**WHAT TO DO:**
The reply should be one number: how many lines of the data below contain "Gold".

+ + +

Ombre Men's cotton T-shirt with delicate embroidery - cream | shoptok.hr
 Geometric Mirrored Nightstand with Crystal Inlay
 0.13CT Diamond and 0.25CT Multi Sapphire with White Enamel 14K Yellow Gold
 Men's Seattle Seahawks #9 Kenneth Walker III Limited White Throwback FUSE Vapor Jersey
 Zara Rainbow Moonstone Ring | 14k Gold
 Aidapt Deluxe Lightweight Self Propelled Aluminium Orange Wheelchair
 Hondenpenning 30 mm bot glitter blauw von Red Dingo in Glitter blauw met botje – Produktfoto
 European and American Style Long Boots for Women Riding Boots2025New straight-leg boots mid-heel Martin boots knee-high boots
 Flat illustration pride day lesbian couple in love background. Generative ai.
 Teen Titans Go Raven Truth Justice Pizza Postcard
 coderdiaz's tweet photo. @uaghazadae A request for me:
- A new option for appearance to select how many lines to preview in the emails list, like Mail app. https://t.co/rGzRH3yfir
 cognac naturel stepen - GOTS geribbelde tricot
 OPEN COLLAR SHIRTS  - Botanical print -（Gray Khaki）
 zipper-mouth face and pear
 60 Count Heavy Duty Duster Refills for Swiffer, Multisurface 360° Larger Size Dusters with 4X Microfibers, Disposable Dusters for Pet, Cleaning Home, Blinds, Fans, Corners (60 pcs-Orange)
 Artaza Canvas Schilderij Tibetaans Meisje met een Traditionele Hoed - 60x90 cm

+ + +

**EXERCISE OUTPUT:**
2